[Rpm-ecosystem] DNF's use cases of CAShe

Radek Holy rholy at redhat.com
Tue Sep 29 22:55:04 UTC 2015



----- Original Message -----
> From: "Radek Holy" <rholy at redhat.com>
> To: "James Antill" <james at fedoraproject.org>
> Cc: rpm-ecosystem at lists.rpm.org
> Sent: Friday, September 11, 2015 5:33:52 PM
> Subject: Re: [Rpm-ecosystem] DNF's use cases of CAShe
> 
> 
> 
> ----- Original Message -----
> > From: "Radek Holy" <rholy at redhat.com>
> > To: rpm-ecosystem at lists.rpm.org
> > Sent: Friday, July 3, 2015 11:47:06 AM
> > Subject: Re: [Rpm-ecosystem] DNF's use cases of CAShe
> > 
> > 
> > 
> > ----- Original Message -----
> > > From: "James Antill" <james at fedoraproject.org>
> > > To: "rpm-ecosystem" <rpm-ecosystem at lists.rpm.org>
> > > Sent: Friday, July 3, 2015 5:27:47 AM
> > > Subject: Re: [Rpm-ecosystem] DNF's use cases of CAShe
> > > 
> > > On Thu, 2015-07-02 at 01:20 -0400, Radek Holy wrote:
> > > > > On Wed, 2015-07-01 at 09:10 -0400, Radek Holy wrote:
> > > > >  The point of the CAShe is that when you are about to download
> > > > >  something
> > > > > with a checksum of XYZ you do:
> > > > > 
> > > > > 1. does object with checksum XYZ exist in the CAShe.
> > > > > 
> > > > > 2a. If yes, then get it into my program cache.
> > > > > 
> > > > > 2b. If no, then I download it. When done I can put it into the CAShe.
> > > > > 
> > > > > ...where hopefully 2a and 2b can use hardlinks, to save diskspace and
> > > > > do
> > > > > automatic tracking of inuse objects.
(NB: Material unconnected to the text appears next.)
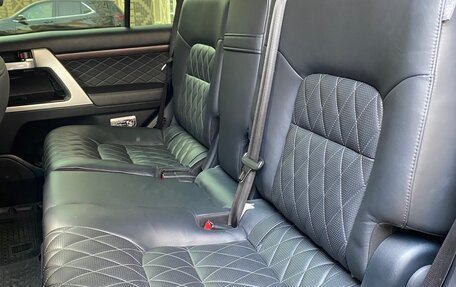 Toyota Land Cruiser 200, 2017 год, 7 600 000 рублей, 14 фотография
> > > > >  I wouldn't trigger the CAShe cleanup here, esp. as you didn't do
> > > > > anything that would need cleaning up.
> > > > 
> > > > It removes the hardlinks to the obsoleted metadata if there are any.
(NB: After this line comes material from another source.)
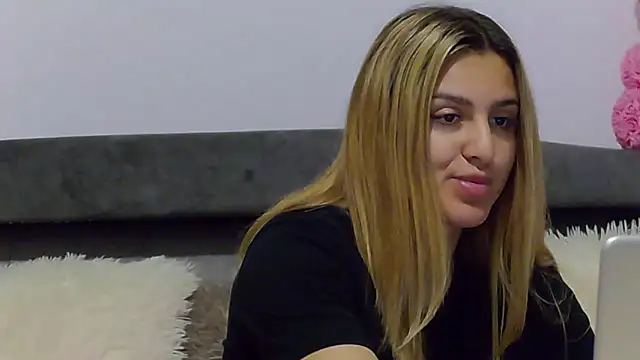 NicolePlay's Live XXX Chat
> > > > Even after that you wouldn't trigger the cleanup? (I don't insist on
> > > > it, I just expected that this is what would users prefer.)
> > > 
> > >  I'm not sure if it's a good idea to do a cleanup when metadata is
> > > deleted. I didn't do it on the yum side because it's very likely that in
> > > Fedora you'll be installing an update at some point in the near future,
> > > and we can cleanup a few extra metadata files then. It might be a good
> > > idea to do it more often though, if only to stop weird edge cases.
> > > 
> > > [...]
> > > > I'd just remove the hardlinks from the DNF's cache and trigger the
> > > > cleanup. Is this wrong?
> > > 
> > >  Ok, yeh that's good, I thought you meant manually removing data from
> > > the CAShe after you deleted it in DNF.
> > > 
> > > > > > Upgrade other devices, virtual machines and containers from a
> > > > > > single
> > > > > > cache
> > > > > > --------------------------------------------------------------------------
> > > > > > 
> > > > > > People want to download the data once and reuse them among the
> > > > > > whole
> > > > > > LAN.
> > > > > > 1) "Install/upgrade etc." on all representative systems
> > > > > > 2) but don't remove anything, or remove just those packages that
> > > > > > are
> > > > > > not needed any more (based on access times or using a depsolver)
> > > > > >
> > > > > > Here I think that it shouldn't be needed to hardlink the packages
> > > > > > into
> > > > > > DNF's cache since the instance which downloaded them probably does
> > > > > > not
> > > > > > need them any more.
> > > > > 
> > > > >  I'm not sure what you mean here. For each system just download them
> > > > >  as
> > > > > you would, and delete them from DNF's cache as you would.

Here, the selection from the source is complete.